Tahun lalu, Chen mengikuti pemerintah China untuk mengunjungi Bali. Dalam penelitian lapangan, dia menemukan bahwa banyak daerah di Indonesia yang cocok untuk promosi sistem distribusi PEDF.
“Sinar matahari efektif di Zhuangshang dalam setahun adalah 1.200 jam, sedangkan di banyak daerah di Indonesia adalah 1.800 jam, yang dapat menyediakan banyak listrik bagi masyarakat setempat,” kata Chen.
Dalam beberapa tahun terakhir, kedua negara telah mencapai serangkaian kesepakatan kerja sama di bidang pembangunan infrastruktur dan pembangunan hijau, yang akan memberikan platform yang luas bagi kerja sama energi di masa depan.
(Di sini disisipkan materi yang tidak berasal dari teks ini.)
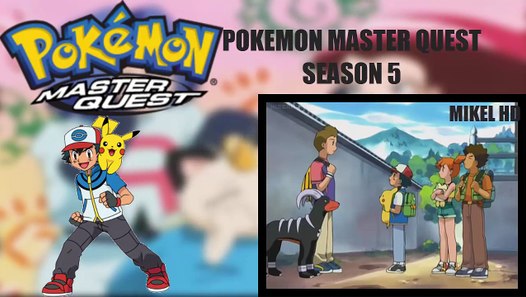 Pokemon master quest wcostream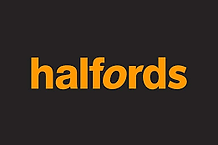The image is halfords logo. These are Precision car zone trading partners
Tahun lalu, kedua negara mengeluarkan pernyataan bersama untuk memperdalam kerja sama strategis menyeluruh, mengungkapkan bahwa China mendukung perusahaan-perusahaannya untuk bekerja sama dengan mitra-mitra di Indonesia dalam bidang investasi, ilmu pengetahuan dan teknologi (iptek), peningkatan kapasitas, serta penelitian dan pengembangan (litbang) di bidang transisi energi yang sesuai dengan prinsip-prinsip komersial.
“Baik Shanxi maupun Indonesia merupakan daerah yang bergantung pada batu bara, keberhasilan penerapan sistem distribusi PEDF di sini juga menghadirkan ide-ide baru bagi pembangunan hijau di Indonesia, dan saya berharap teknologi ini juga dapat membantu transformasi energi di Indonesia,” ungkap Rizqal.